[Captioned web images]
━━━━━━━━━━━━━━━━━━━━━━━━━━━━━━

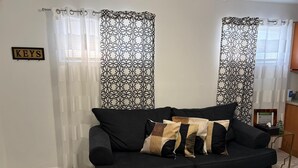 A black sofa with patterned cushions, a sign labeled "KEYS" on the wall, and patterned curtains. - New, Cozy & peaceful stay, 30 minutes from New Orleans. Family and pet friendly! (Slidell)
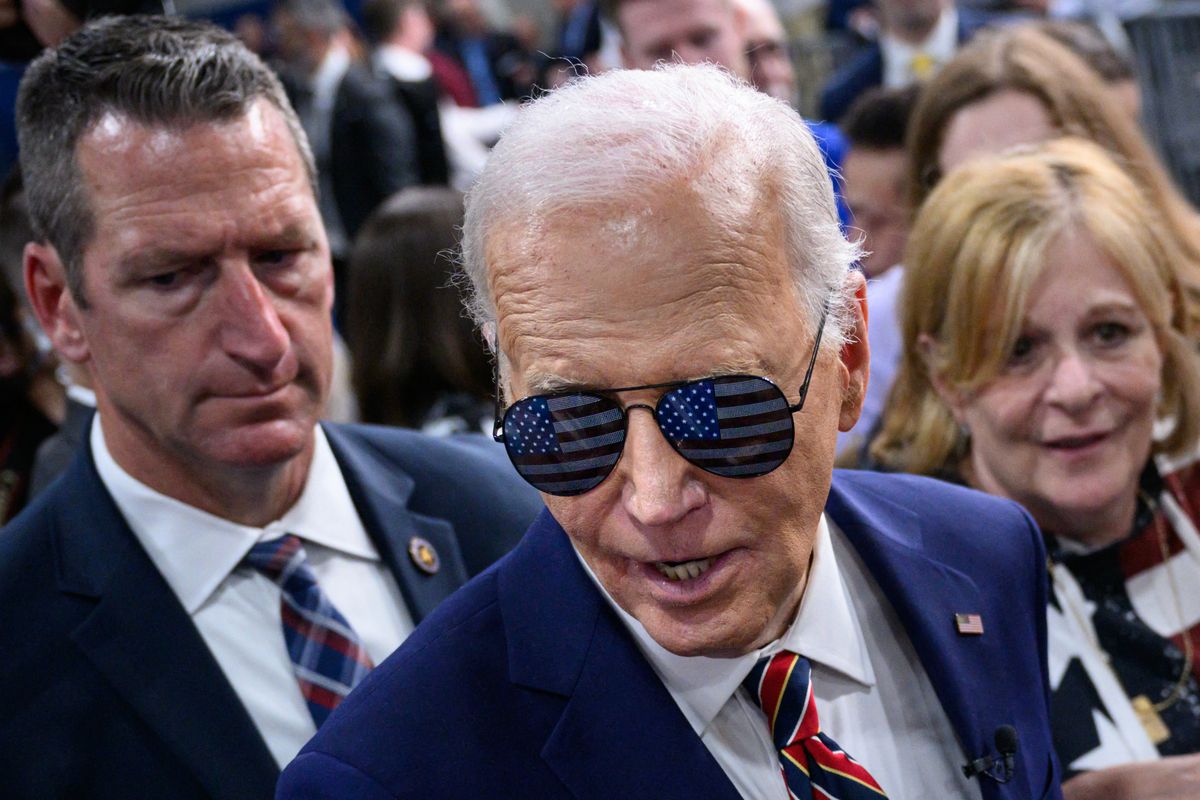 US President Joe Biden wears sunglasses given to him by supporters after speaking on the PACT Act, which expands coverage for veterans exposed to toxic substances, at the Westwood Park YMCA in Nashua, New Hampshire, on May 21, 2024. (Photo by Mandel NGAN / AFP)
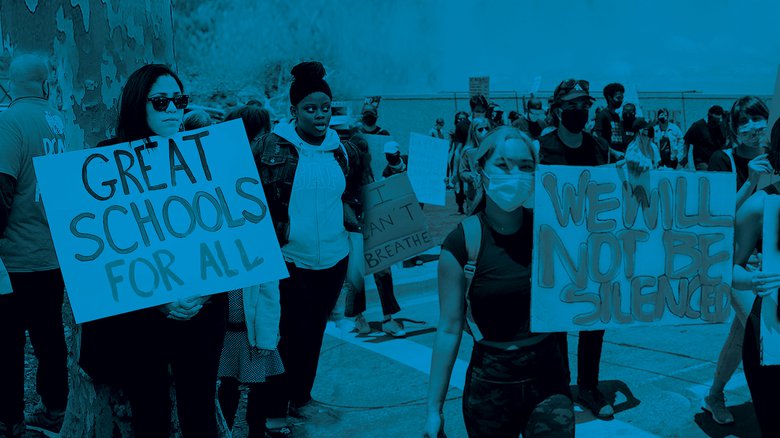 Protestors carrying signs that say "Great schools for all" and "We will not be silenced"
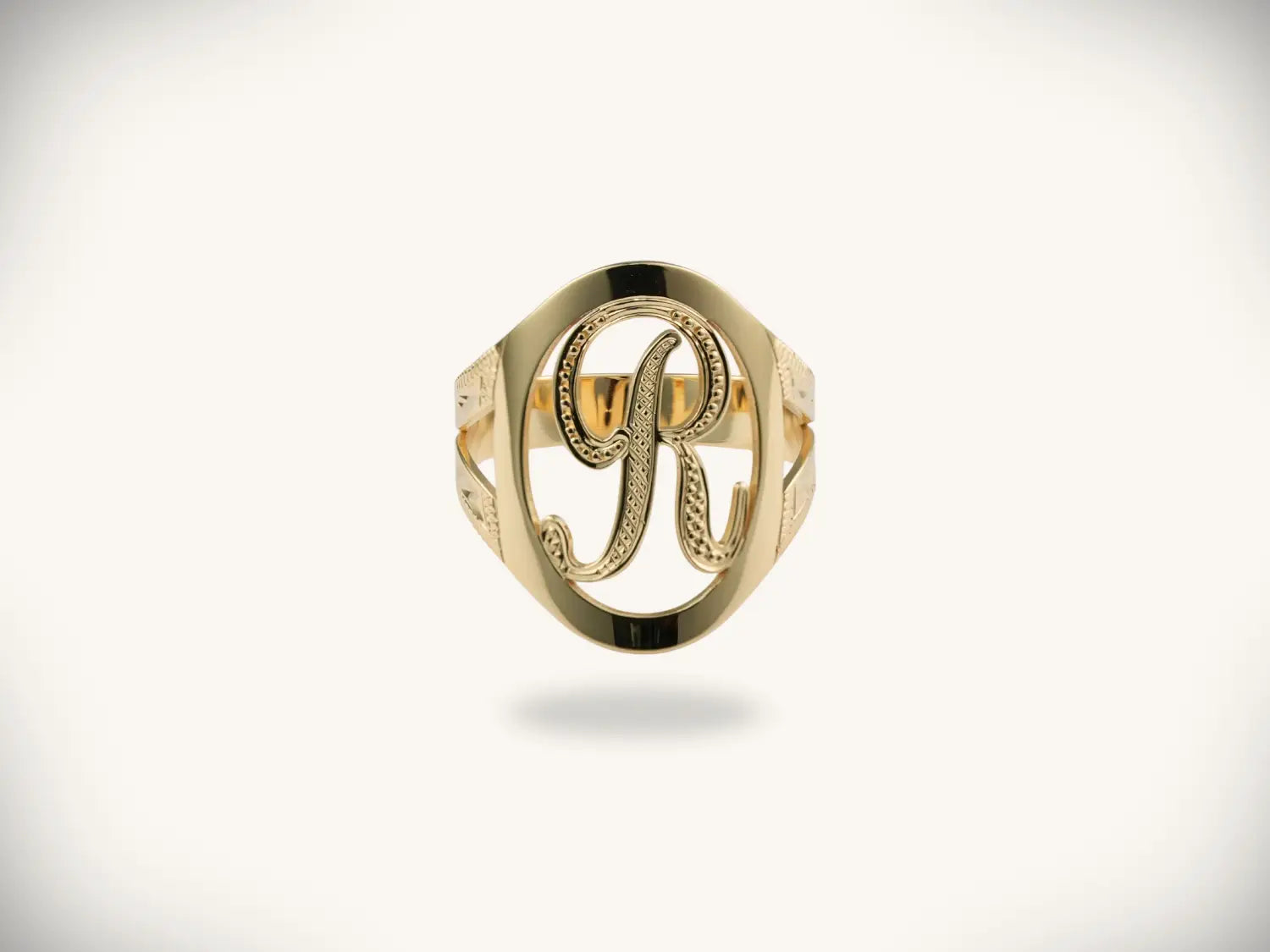 Gold-toned monogrammed r ring, luxury jewelry with ornate engraving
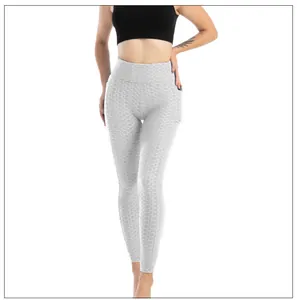 Dettaglio dei leggings fitness a vita alta con trama a nido d'ape da donna grigio chiaro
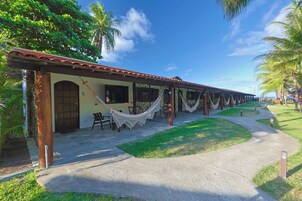 A building with a tiled roof, a hammock, and a pathway leading to a palm tree.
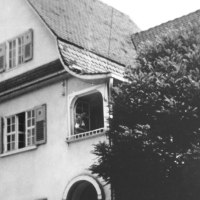 Ein historisches Geb&auml;ude mit einem markanten Dach und Fensterl&auml;den. Ein Baum verdeckt teilweise die Ansicht. Eine Person steht am Fenster., &copy; Stadt N&uuml;rtingen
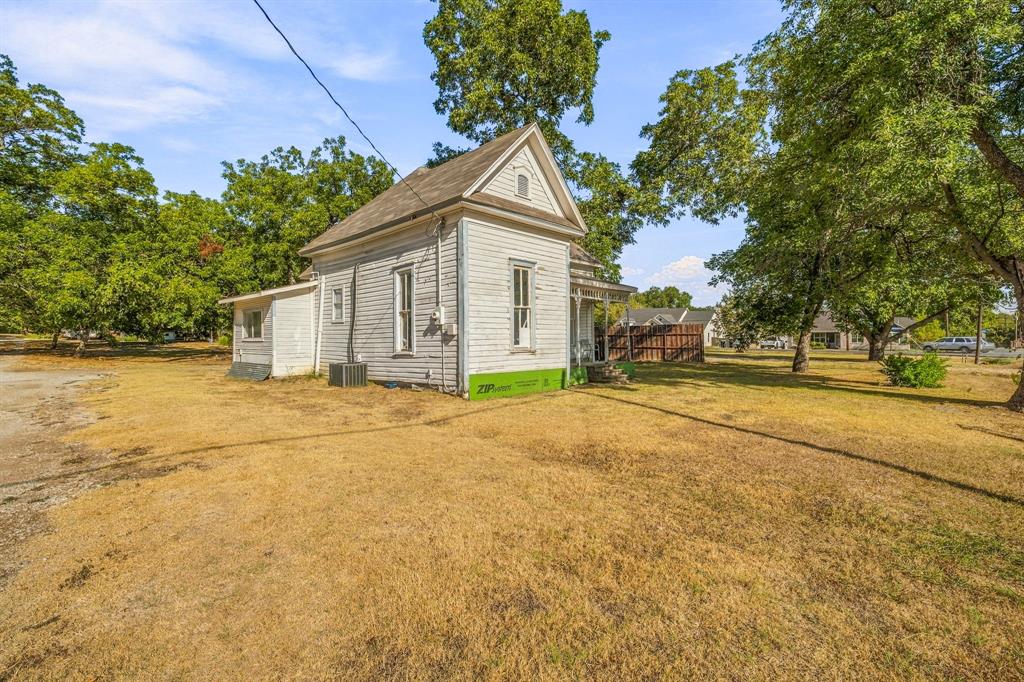 208 South Harrison Street Pilot Point, TX 76258 - Photo 2 of 21 View from Autrey Alley and Harrison St.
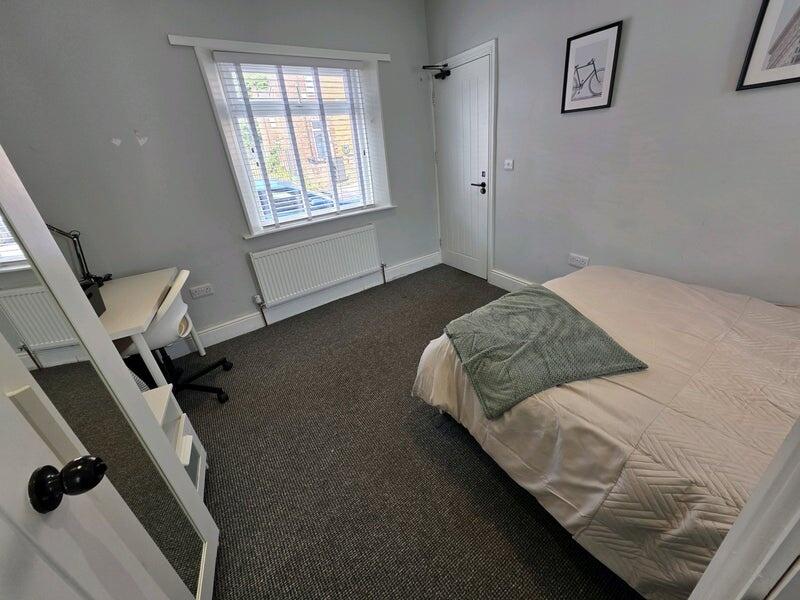 A neat and tidy single bedroom featuring a comf...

━━━━━━━━━━━━━━━━━━━━━━━━━━━━━━

EXERCISE INSTRUCTIONS: Every line above should be duplicated exactly; the pictures are to be left out.

SOLUTION FOR THIS TASK:
 A black sofa with patterned cushions, a sign labeled "KEYS" on the wall, and patterned curtains. - New, Cozy & peaceful stay, 30 minutes from New Orleans. Family and pet friendly! (Slidell)
 US President Joe Biden wears sunglasses given to him by supporters after speaking on the PACT Act, which expands coverage for veterans exposed to toxic substances, at the Westwood Park YMCA in Nashua, New Hampshire, on May 21, 2024. (Photo by Mandel NGAN / AFP)
 Protestors carrying signs that say "Great schools for all" and "We will not be silenced"
 Gold-toned monogrammed r ring, luxury jewelry with ornate engraving
 Dettaglio dei leggings fitness a vita alta con trama a nido d'ape da donna grigio chiaro
 A building with a tiled roof, a hammock, and a pathway leading to a palm tree.
 Ein historisches Geb&auml;ude mit einem markanten Dach und Fensterl&auml;den. Ein Baum verdeckt teilweise die Ansicht. Eine Person steht am Fenster., &copy; Stadt N&uuml;rtingen
 208 South Harrison Street Pilot Point, TX 76258 - Photo 2 of 21 View from Autrey Alley and Harrison St.
 A neat and tidy single bedroom featuring a comf...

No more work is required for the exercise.